Using MPI to parallelize SLEPc eigensolver

I am trying to use "quimb" for calculating the ground state of an extremely large scipy sparse Linear operator, which is generated using the package "quspin". (We are using Linear operator instead of a matrix because it takes lesser time to build and has OpenMP support.)

We are using "quimb" to convert the linear operator to a PETSc matrix, which is then diagonalized using SLEPc.

However I am having a little difficulty in understanding how to run it in parallel. Let me share the relevant part of the python code

from mpi4py import MPI
from petsc4py import PETSc
from slepc4py import SLEPc
from quimb.linalg.slepc_linalg import convert_mat_to_petsc

HH= H_Lin_operator()   ## HH is the scipy sparse Linear Operator 
                                  ## calculated using quspin in another part of the code

petsc_matH = convert_mat_to_petsc(HH, comm =PETSc.COMM_WORLD)     ### Conversion to petsc matrix using quimb

print("Petsc matrix formed")

Print = PETSc.Sys.Print

########### Calling the Slepc eigen solver #######

E = SLEPc.EPS(); E.create(PETSc.COMM_WORLD)

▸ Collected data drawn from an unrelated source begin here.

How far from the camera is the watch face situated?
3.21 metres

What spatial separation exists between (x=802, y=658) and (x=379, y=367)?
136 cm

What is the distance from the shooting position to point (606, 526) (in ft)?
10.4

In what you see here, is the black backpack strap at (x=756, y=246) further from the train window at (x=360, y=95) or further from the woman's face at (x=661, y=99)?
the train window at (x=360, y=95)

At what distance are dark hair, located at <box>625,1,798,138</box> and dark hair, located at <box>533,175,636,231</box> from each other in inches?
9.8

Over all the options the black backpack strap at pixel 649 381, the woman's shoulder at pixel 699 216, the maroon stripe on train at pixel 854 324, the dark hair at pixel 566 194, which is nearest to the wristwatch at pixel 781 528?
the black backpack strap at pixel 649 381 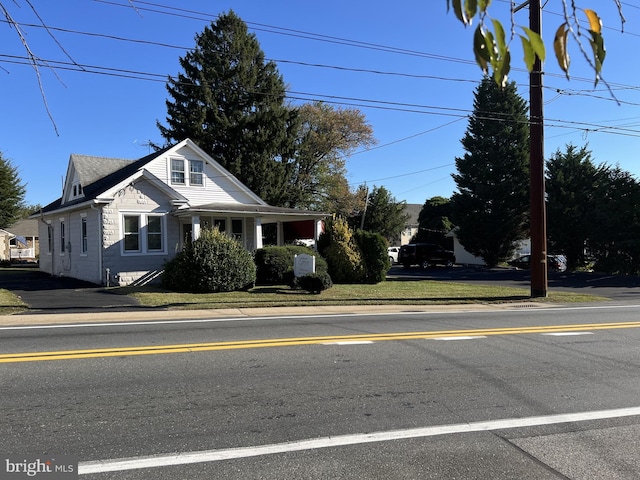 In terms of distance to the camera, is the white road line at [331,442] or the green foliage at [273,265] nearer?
the white road line at [331,442]

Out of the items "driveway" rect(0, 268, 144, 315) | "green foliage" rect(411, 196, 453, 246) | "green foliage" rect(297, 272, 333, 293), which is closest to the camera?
"driveway" rect(0, 268, 144, 315)

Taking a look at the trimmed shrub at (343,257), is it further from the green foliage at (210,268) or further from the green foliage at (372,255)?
the green foliage at (210,268)

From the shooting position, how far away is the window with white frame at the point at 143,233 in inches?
775

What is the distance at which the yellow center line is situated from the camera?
7.30m

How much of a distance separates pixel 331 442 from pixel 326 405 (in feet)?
3.18

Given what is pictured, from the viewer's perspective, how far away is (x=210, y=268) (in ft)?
58.0

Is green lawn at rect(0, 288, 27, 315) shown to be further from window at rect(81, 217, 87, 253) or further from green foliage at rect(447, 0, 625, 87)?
green foliage at rect(447, 0, 625, 87)

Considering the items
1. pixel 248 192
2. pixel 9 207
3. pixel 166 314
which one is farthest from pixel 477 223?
pixel 9 207

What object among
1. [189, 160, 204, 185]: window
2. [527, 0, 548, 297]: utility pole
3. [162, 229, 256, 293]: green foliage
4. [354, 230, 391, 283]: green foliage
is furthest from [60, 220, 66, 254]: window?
[527, 0, 548, 297]: utility pole

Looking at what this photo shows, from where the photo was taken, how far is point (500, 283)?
24859 millimetres

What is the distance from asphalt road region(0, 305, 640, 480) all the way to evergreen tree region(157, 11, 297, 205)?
27.9 meters

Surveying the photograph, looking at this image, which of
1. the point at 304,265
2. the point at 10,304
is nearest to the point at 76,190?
the point at 10,304

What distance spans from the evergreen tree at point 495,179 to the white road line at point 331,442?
3552cm

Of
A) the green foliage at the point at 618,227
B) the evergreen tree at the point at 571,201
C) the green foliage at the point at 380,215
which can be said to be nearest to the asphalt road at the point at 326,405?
the green foliage at the point at 618,227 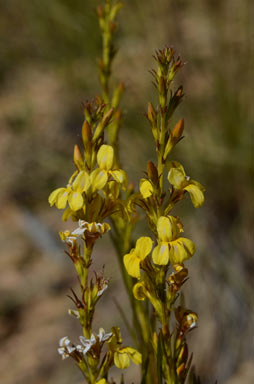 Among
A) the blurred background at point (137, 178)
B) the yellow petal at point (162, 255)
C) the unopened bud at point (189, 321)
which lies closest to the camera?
the yellow petal at point (162, 255)

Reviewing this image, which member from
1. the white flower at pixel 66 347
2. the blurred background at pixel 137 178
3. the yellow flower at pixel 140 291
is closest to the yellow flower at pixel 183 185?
the yellow flower at pixel 140 291

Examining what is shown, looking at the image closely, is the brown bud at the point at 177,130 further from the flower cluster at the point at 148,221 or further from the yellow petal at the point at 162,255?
the yellow petal at the point at 162,255

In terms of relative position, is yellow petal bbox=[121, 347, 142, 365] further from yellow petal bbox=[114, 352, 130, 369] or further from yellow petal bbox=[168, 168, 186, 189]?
yellow petal bbox=[168, 168, 186, 189]

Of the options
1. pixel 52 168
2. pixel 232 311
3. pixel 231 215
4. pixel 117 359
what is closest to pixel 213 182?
pixel 231 215

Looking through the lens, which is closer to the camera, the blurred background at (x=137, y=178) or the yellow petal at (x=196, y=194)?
the yellow petal at (x=196, y=194)

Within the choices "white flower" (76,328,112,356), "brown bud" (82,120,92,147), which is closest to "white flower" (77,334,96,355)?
"white flower" (76,328,112,356)

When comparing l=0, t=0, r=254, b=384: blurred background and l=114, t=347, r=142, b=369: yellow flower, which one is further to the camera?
l=0, t=0, r=254, b=384: blurred background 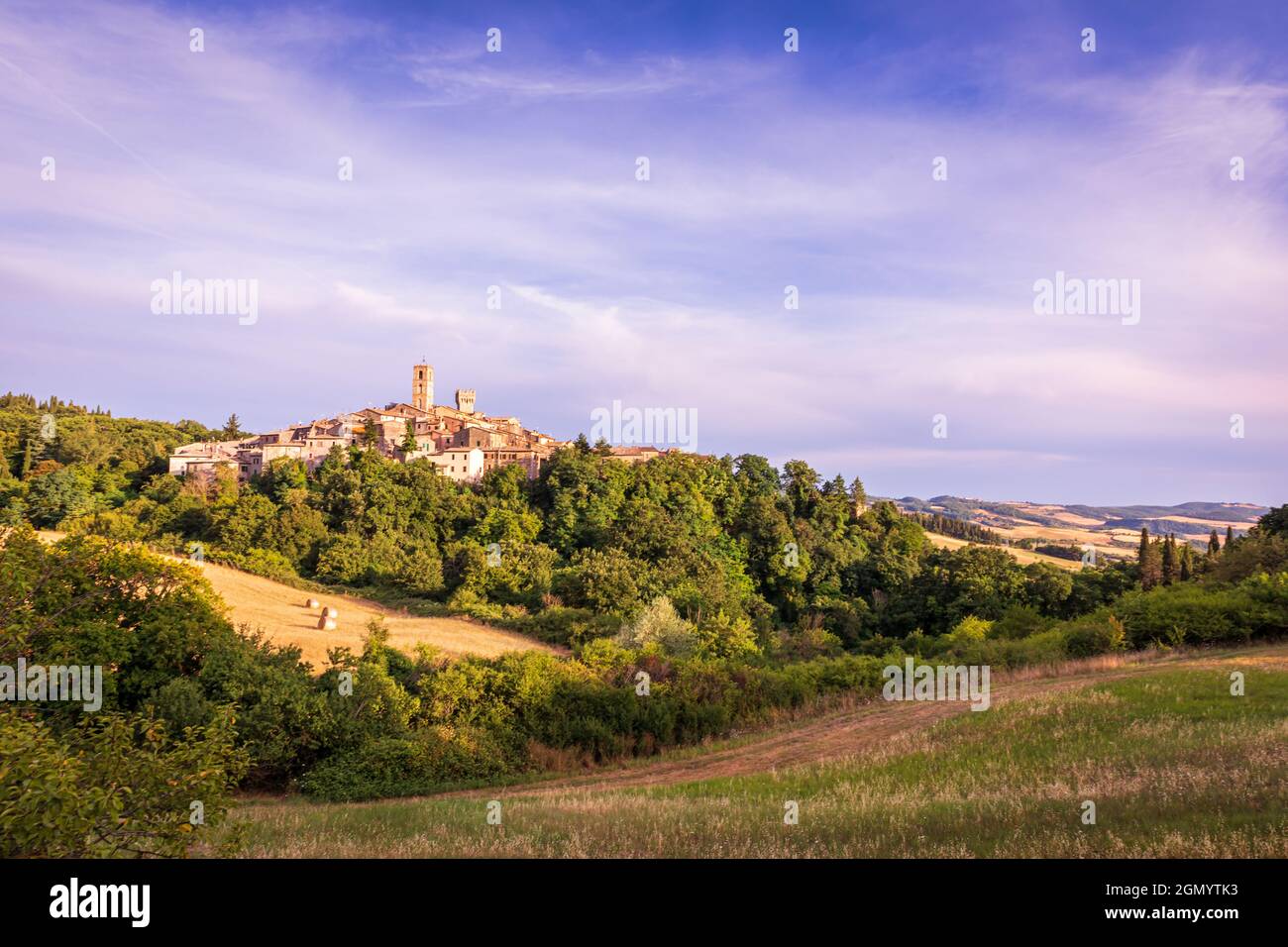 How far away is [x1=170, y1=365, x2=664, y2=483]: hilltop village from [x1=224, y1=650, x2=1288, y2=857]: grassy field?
247ft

E.setOperators(petsc_matH)
E.setProblemType(SLEPc.EPS.ProblemType.HEP)
E.setFromOptions()
E.setWhichEigenpairs(SLEPc.EPS.Which.SMALLEST_REAL)

E.solve()

Print()
Print("******************************")
Print("*** SLEPc Solution Results ***")
Print("******************************")
Print()

its = E.getIterationNumber()
Print("Number of iterations of the method: %d" % its)

eps_type = E.getType()
Print("Solution method: %s" % eps_type)

nev, ncv, mpd = E.getDimensions()
Print("Number of requested eigenvalues: %d" % nev)

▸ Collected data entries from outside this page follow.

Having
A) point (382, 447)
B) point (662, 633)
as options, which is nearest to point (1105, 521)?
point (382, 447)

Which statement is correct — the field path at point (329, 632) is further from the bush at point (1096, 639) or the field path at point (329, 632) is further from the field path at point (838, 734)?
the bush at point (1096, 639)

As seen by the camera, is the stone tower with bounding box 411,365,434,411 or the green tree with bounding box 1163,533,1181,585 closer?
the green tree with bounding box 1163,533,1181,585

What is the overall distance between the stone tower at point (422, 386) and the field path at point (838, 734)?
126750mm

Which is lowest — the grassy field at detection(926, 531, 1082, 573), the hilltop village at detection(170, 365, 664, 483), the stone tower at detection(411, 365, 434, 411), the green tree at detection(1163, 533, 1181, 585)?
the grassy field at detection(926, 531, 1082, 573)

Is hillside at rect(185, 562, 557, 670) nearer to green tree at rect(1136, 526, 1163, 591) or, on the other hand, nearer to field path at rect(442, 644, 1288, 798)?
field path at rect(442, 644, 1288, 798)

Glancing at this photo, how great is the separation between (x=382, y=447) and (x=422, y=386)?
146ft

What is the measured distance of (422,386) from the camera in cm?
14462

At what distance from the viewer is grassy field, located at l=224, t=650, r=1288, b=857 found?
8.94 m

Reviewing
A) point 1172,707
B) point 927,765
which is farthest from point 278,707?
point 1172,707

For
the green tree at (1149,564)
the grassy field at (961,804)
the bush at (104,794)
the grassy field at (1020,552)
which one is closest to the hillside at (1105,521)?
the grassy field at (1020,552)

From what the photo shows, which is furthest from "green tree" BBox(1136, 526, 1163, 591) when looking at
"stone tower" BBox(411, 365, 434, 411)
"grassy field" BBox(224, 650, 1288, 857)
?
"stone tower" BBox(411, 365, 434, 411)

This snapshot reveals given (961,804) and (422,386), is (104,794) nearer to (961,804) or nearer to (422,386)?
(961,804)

tol, maxit = E.getTolerances()
Print("Stopping condition: tol=%.4g, maxit=%d" % (tol, maxit))

nconv = E.getConverged()
Print("Number of converged eigenpairs %d" % nconv)

if nconv > 0:
    # Create the results vectors
    vr, wr = petsc_matH.getVecs()
    vi, wi = petsc_matH.getVecs()
    # Store eigenvalues and eigenvectors as an array
    evals=[]
    evecs=[]

    Print()
    Print("        k          ||Ax-kx||/||kx|| ")
    Print("----------------- ------------------")
    for i in range(nconv):
        k = E.getEigenpair(i, vr, vi)
        error = E.computeError(i)

        evals.append(k)
        evecs = [complex(vr0, vi0) for vr0, vi0 in zip(vr.getArray(), vi.getArray())]

        if k.imag != 0.0:
            Print(" %9f%+9f j %12g" % (k.real, k.imag, error))
        else:
            Print(" %12f      %12g" % (k.real, error))

    Print()
    evals = np.asarray(evals)
    evecs = np.asarray(evecs).T

This runs successfully using 1 processor (for a smaller system size of HH), using the following command"

quimb-mpi-python file.py

But I wish to run it in 16 processors(say).

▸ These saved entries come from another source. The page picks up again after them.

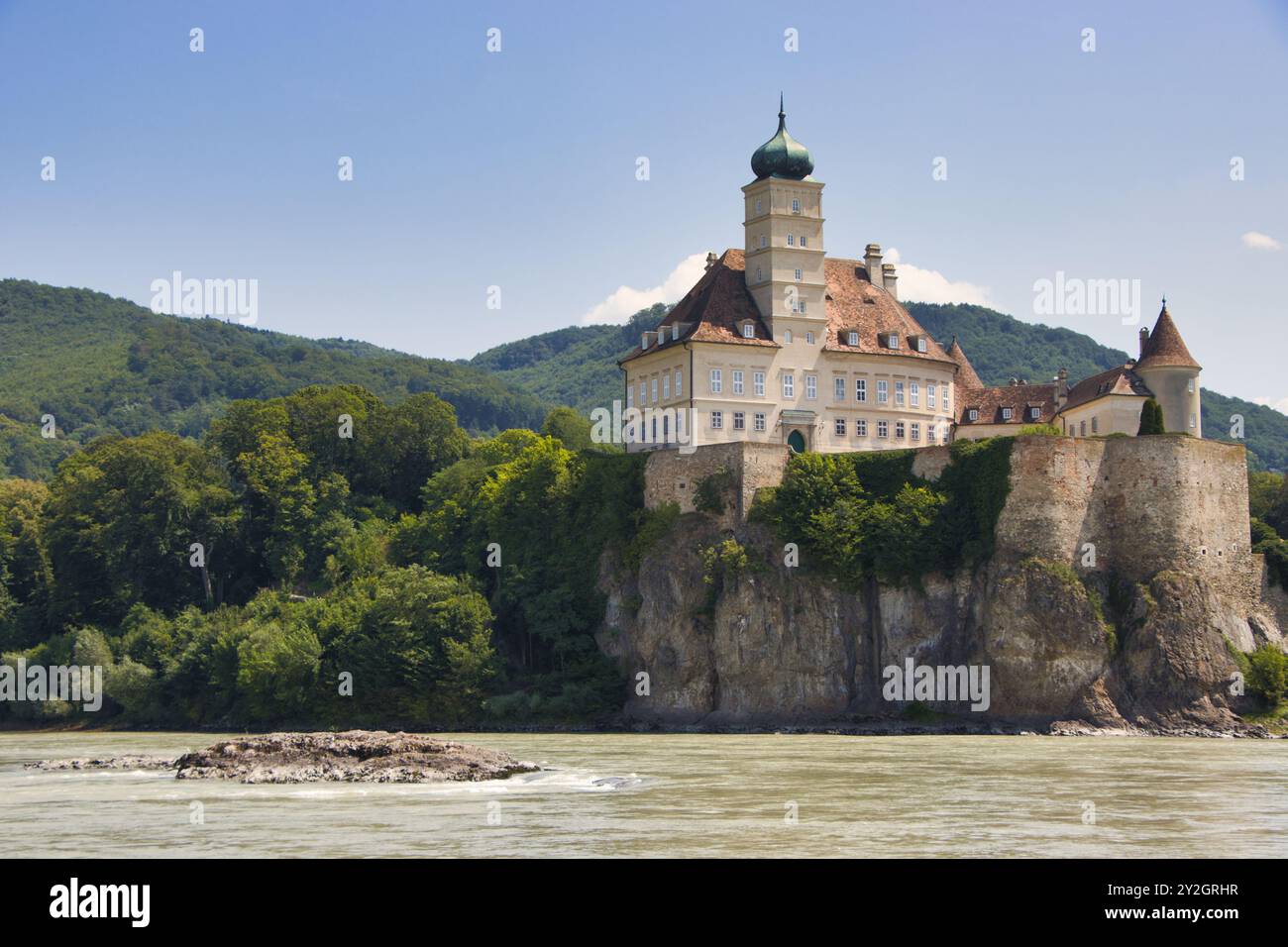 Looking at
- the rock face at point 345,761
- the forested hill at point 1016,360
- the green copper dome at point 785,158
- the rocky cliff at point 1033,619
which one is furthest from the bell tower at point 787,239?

Then according to the documentation of "quimb", I think the syntax to run it should be:

quimb-mpi-python --syncro -n 16 file.py

The breaking up of the job will automatically be done whenever it encounters a SLEPc process and all the processors run the rest of the main script.

However, it shows the following error:

Traceback (most recent call last):
  File "main_diag.py", line 72, in <module>
    E.setOperators(petsc_matH)
  File "SLEPc/EPS.pyx", line 1012, in slepc4py.SLEPc.EPS.setOperators
petsc4py.PETSc.Error: error code 80
[ 9] EPSSetOperators() line 411 in /home/samudrasur/slepc-3.15.1/src/eps/interface/epssetup.c
[ 9] Arguments must have same communicators
[ 9] Different communicators in the two objects: Argument # 1 and 2 flag 3

Then how can I do the eigenstate calculation of this large operator in parallel ?

Yes syncro means the usual SPMD mode that MPI usually is - everything runs the same file, but depending on calls to the MPI communicator and objects you usually construct different ranges of the operators etc. Does the script run fine without MPI?

Part of the problem is most likely that quimb does not support MPI for LinearOperators ('shell' matrices) at the moment. It has no way to automatically infer how to perform the matrix-vector product in parallel across the distributed vector.

For that you might have to work out two things:

Does quspin support only acting on a subrange of a vector, e.g. rows 1024-2048 out of operator of size 4096 etc. (how big is your vector space?) you can get this range from PETSc.Mat().getOwnershipRange.
What interface (if any!) does petcs4py use for distributed linear operators? This is slightly tricky to work out, as I mentioned in the email, there are not a huge amount of docs for petsc4py and slepc4py - the one example seems to be this https://gitlab.com/petsc/petsc/-/blob/main/src/binding/petsc4py/demo/poisson2d/poisson2d.py.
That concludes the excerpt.